╭─ The data

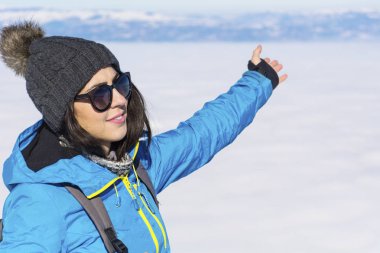 Genç kadın dağ bulutlar ve sis yukarıda hiking 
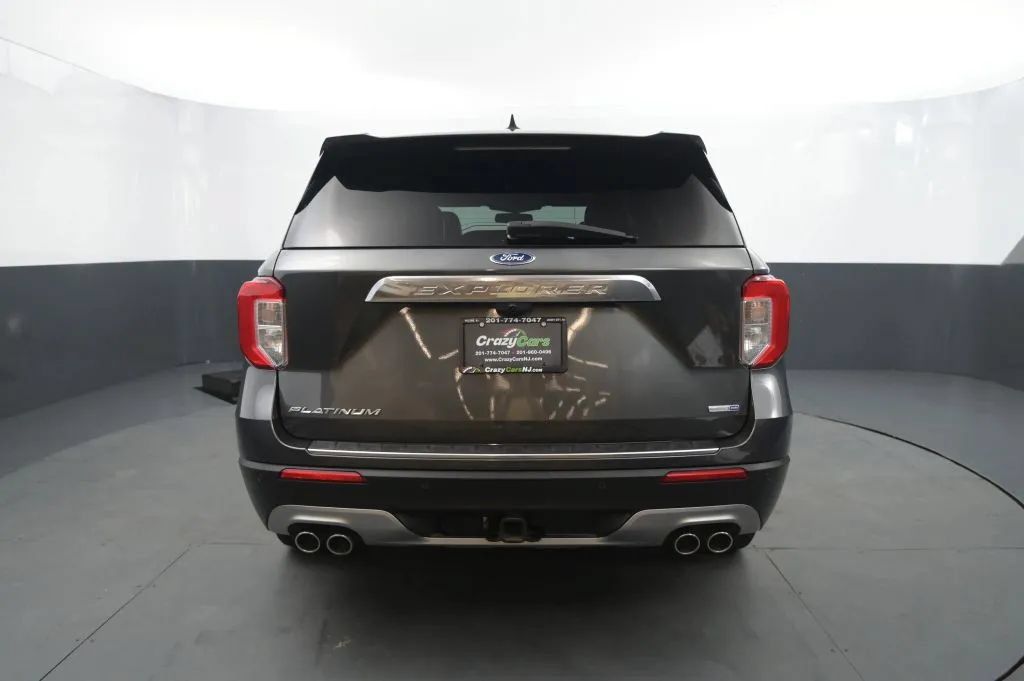 Used 2020 Ford Explorer Platinum w/ Premium Technology Package AWD/4WD image 4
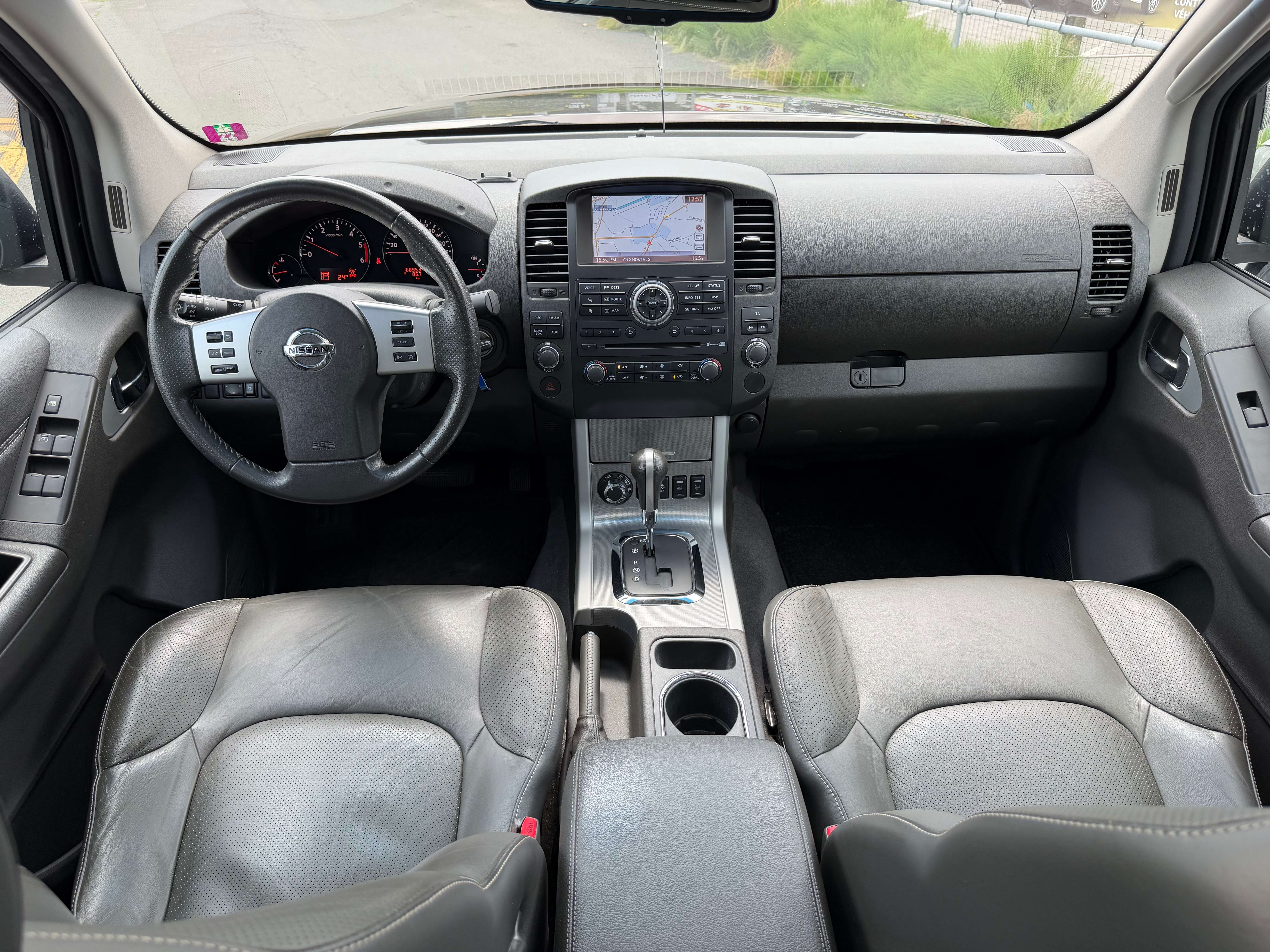 Nissan Navara 3.0 dCi V6 4x4*boîte auto*NAVI*CAMERA*CUIR*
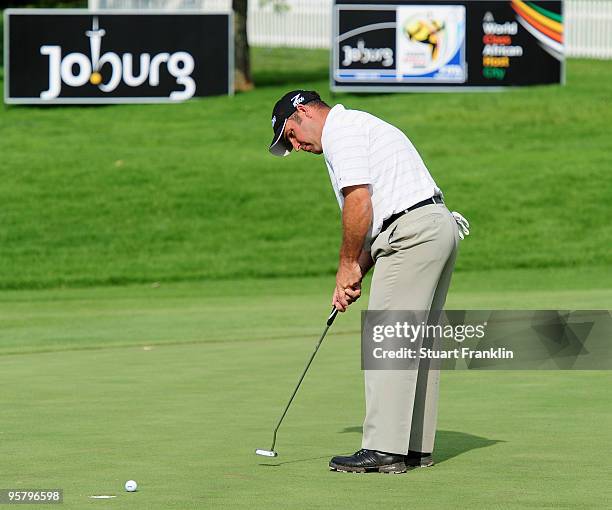 Hennie Otto of South Africa putting on the 18th hole during the second round of the Joburg Open at Royal Johannesburg and Kensington Golf Club on...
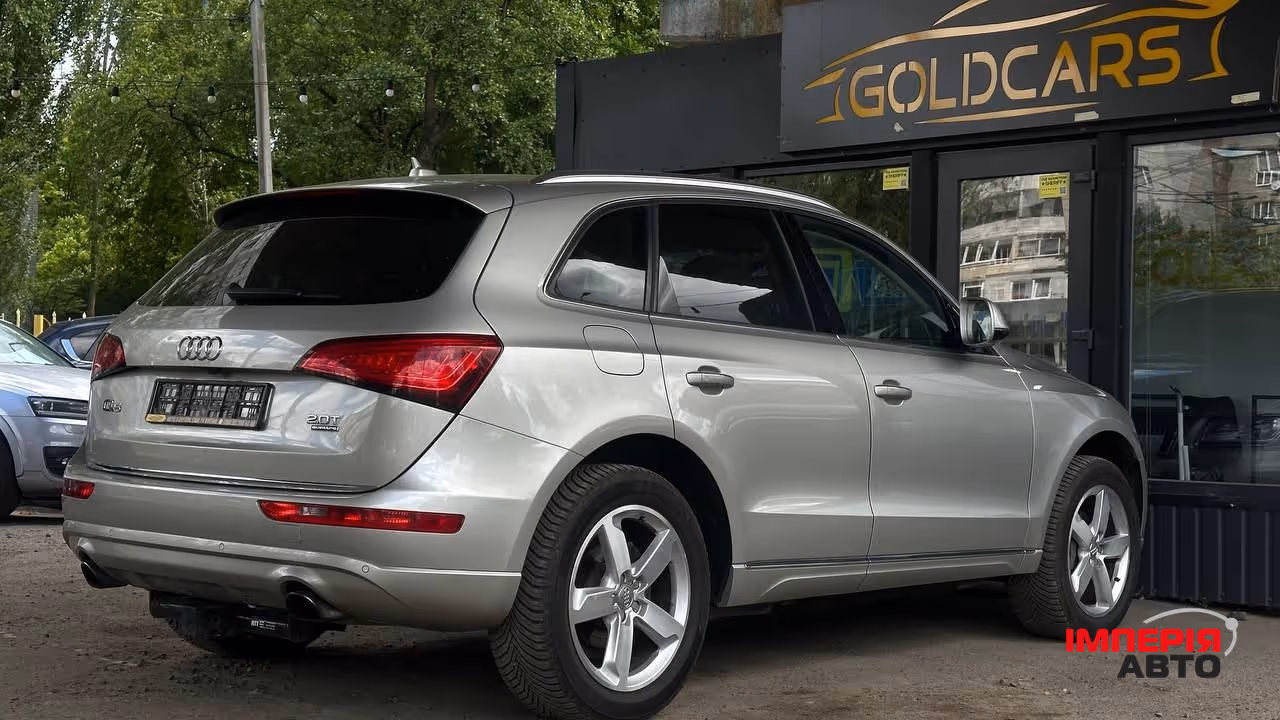 Audi Q5 - фото 9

╰─

**Activity**: When the line containing "Used 2020 Ford" is reached, write out that line and each one after it exactly, ending with the last line of the records; pictures are not copied.

**Response box**:
 Used 2020 Ford Explorer Platinum w/ Premium Technology Package AWD/4WD image 4
 Nissan Navara 3.0 dCi V6 4x4*boîte auto*NAVI*CAMERA*CUIR*
 Hennie Otto of South Africa putting on the 18th hole during the second round of the Joburg Open at Royal Johannesburg and Kensington Golf Club on...
 Audi Q5 - фото 9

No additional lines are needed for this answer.